Eine Stadt auf der Couch
Europas einzige Stadtpsychologin Cornelia Ehmayer ermittelt, wo bei Österreichs Städten der Schuh drückt. Ihr nächster Fall: Hall.
Sie haben vor zehn Jahren in Wien das „Stadtpsycholgische Büro“ eröffnet. Wie kann man sich die Arbeit vorstellen?
Cornelia Ehmayer: Ich betrachte Städte als lebendige Wesen. Ähnlich wie Menschen haben auch sie unterschiedliche Merkmale und Eigenschaften. Genau wie Menschen wirken Städte sympathisch oder unsympathisch. Meine Aufgabe ist es, Antworten auf die Frage „Welche Gründe gibt es, dass eine Stadt so ist, wie sie ist?“ zu finden.
Und was trägt zu einem Stadt-Charakter bei?
Ehmayer: Dazu gehört die Umgebung der Stadt, ihre Geschichte und Menschen, ihre Bauwerke und ihre Lage. Ganz wichtig ist das soziale Gefüge einer Stadt.

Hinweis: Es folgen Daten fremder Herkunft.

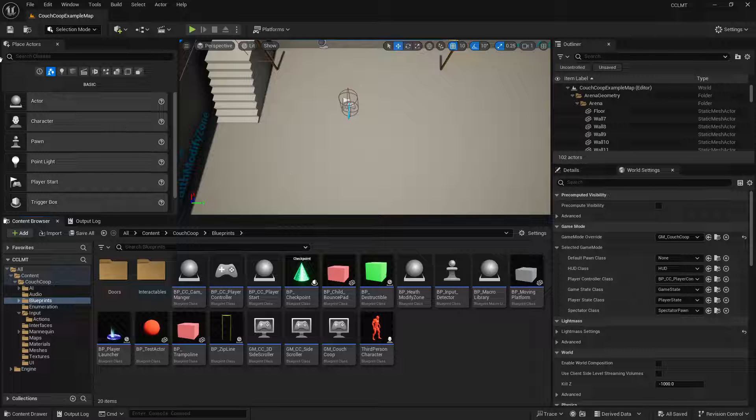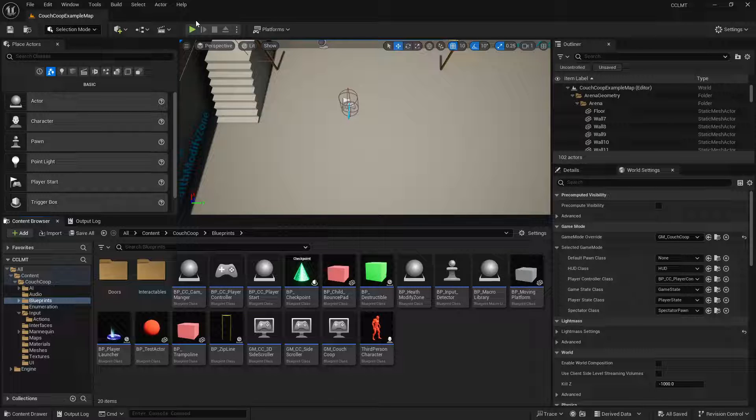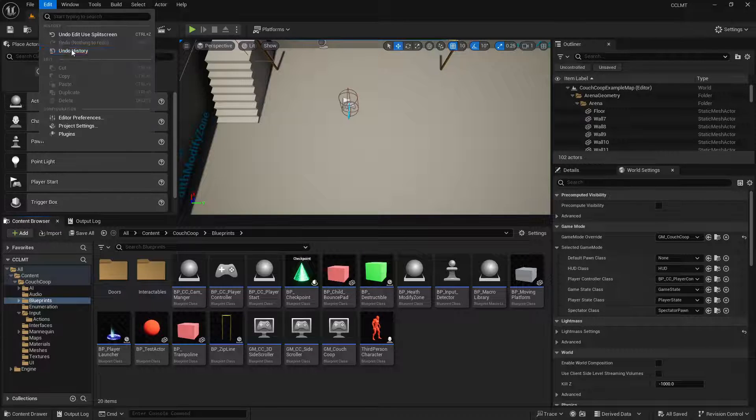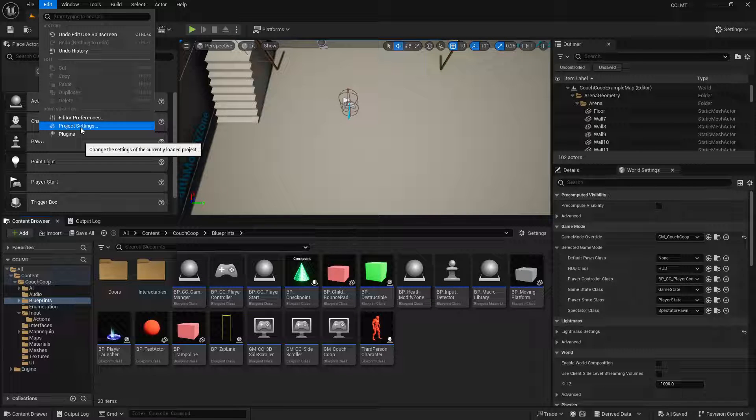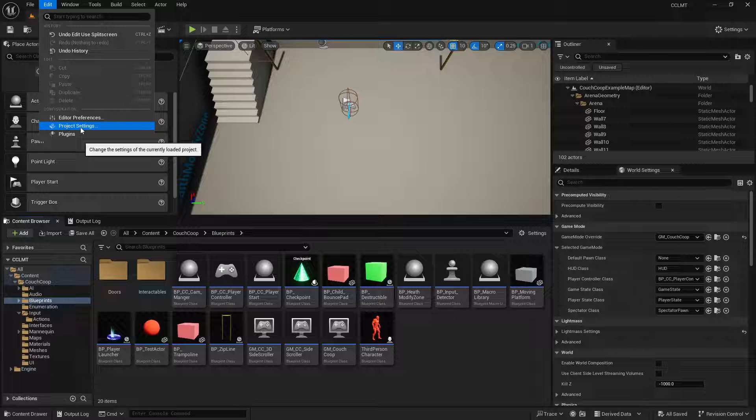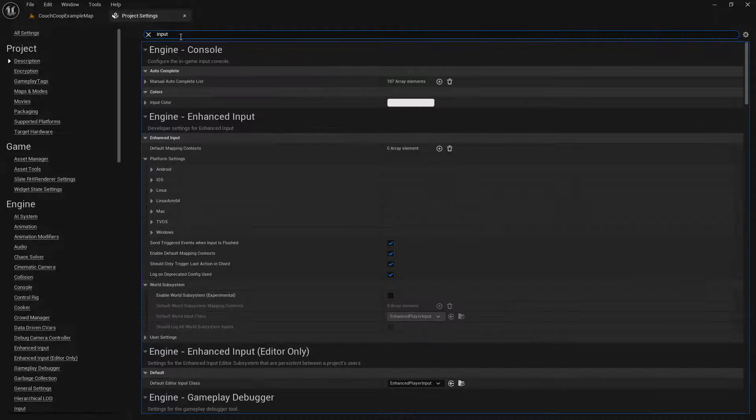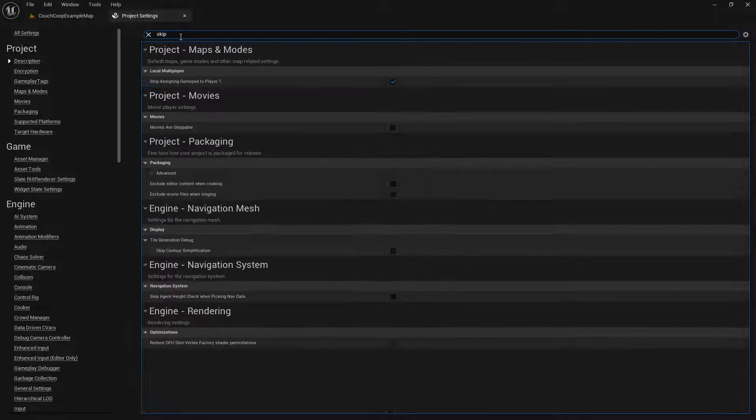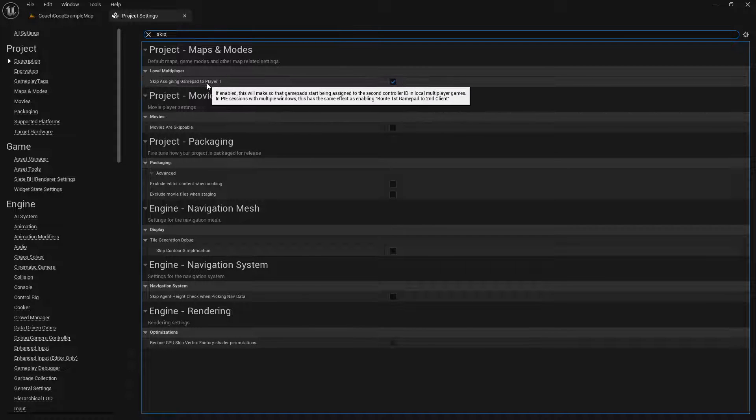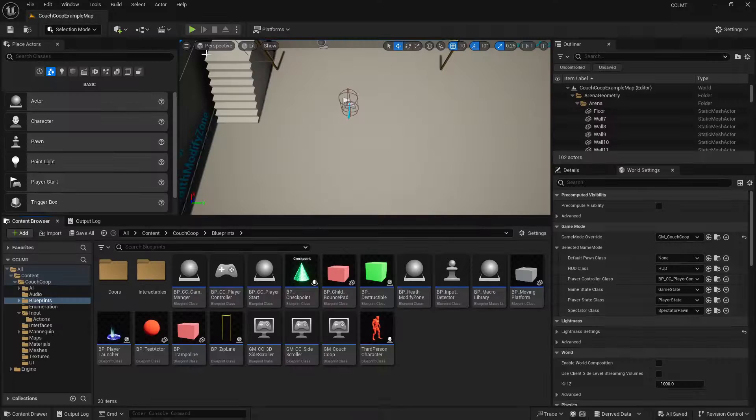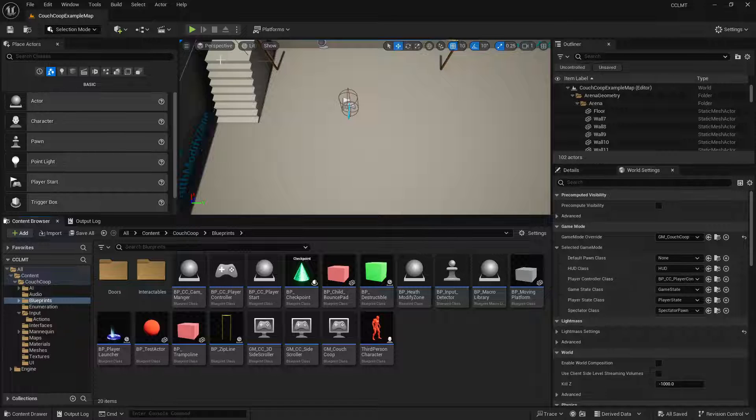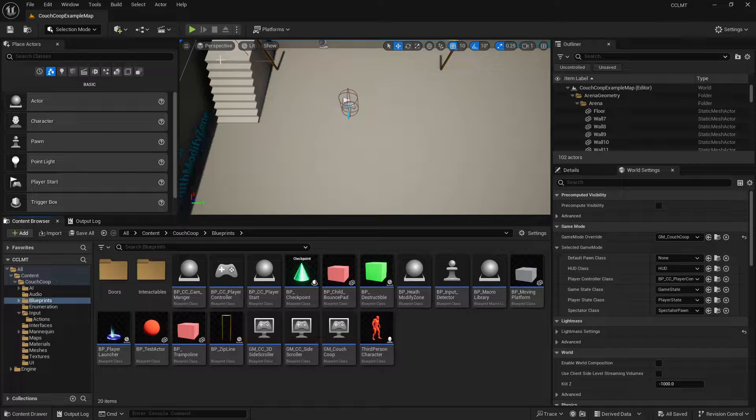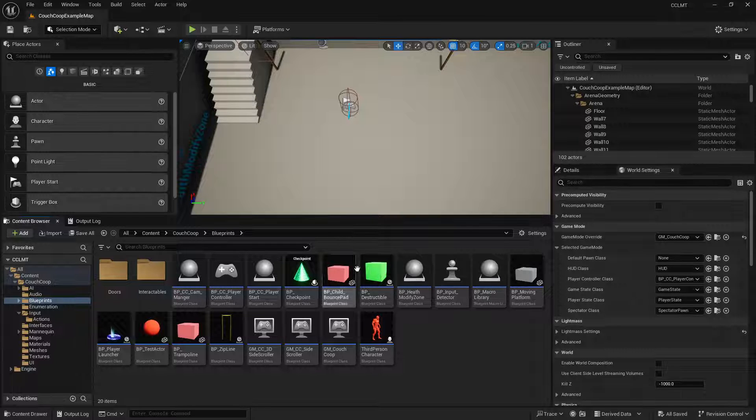On a quick note, this is the Unreal Engine 5.3 version of the couch co-op multiplayer template and I am using Unreal Engine 5.4 preview. The reason for that, and I go over how to convert or migrate a 5.3 project to 5.4 preview in a previous video, is the input settings for skipping player controller when you're testing. So you can skip assigning the gamepad to player one. This will leave player one on the keyboard and allow player two to be a gamepad, and that's been bugged out since Unreal Engine 5.1. They just fixed it in the 5.4 preview so that's the reason I'm using that engine version to go over this tutorial.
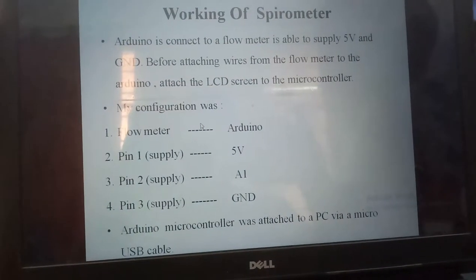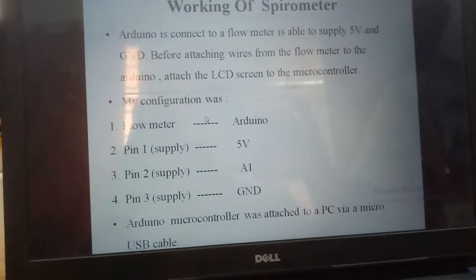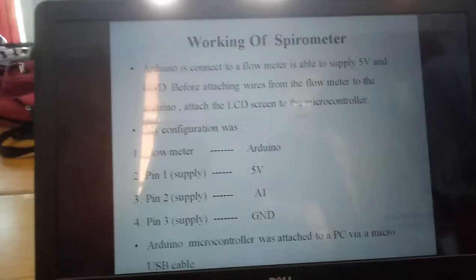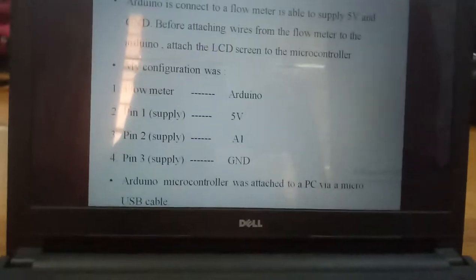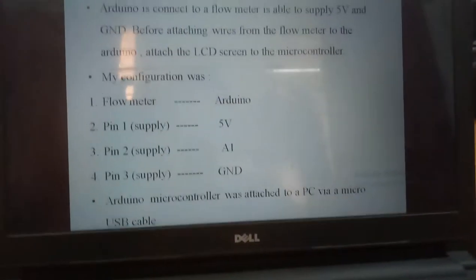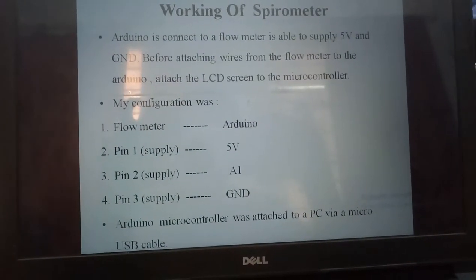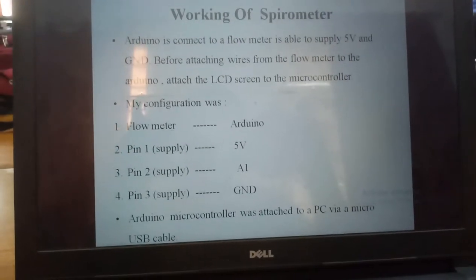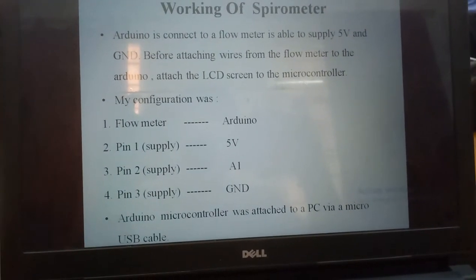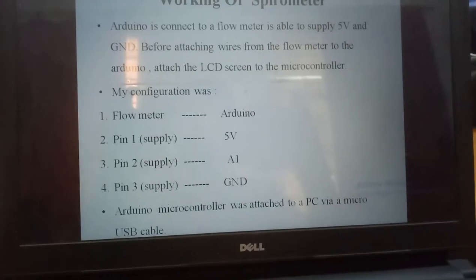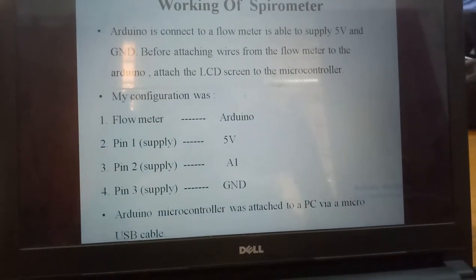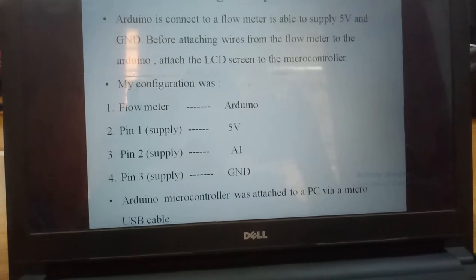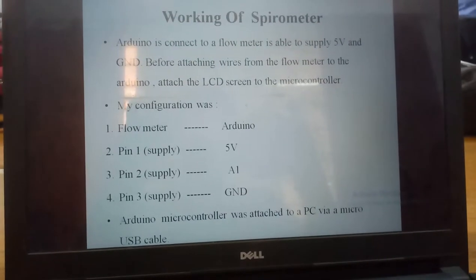Next, working of the spirometer. How does the spirometer work? The Arduino is connected to the flow meter, able to supply the power and ground. We attached wires from the flow meter to the Arduino, and then to the LCD screen connected to the microcontroller. The flow meter uses Pin 1 for 5V, Pin 2 for A1, and Pin 3 for ground. The Arduino microcontroller is attached to PC via a micro USB cable.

Welche Kriterien muss eine Stadt erfüllen, damit sich Menschen dort so richtig wohl fühlen können?
Ehmayer: Es ist immer wichtig, dass eine Stadt ein Zentrum hat, an dem sich das städtische Leben abspielt. Außerdem braucht jede Stadt Erholungsgebiete, sei es ein Park, ein Teich oder einfach eine verkehrsfreie Zone. Dann darf es von folgenden Dingen nie zu viel geben: Lärm, Verkehr oder Müll. Aber was eine Stadt braucht, hängt von den Menschen ab, die dort leben.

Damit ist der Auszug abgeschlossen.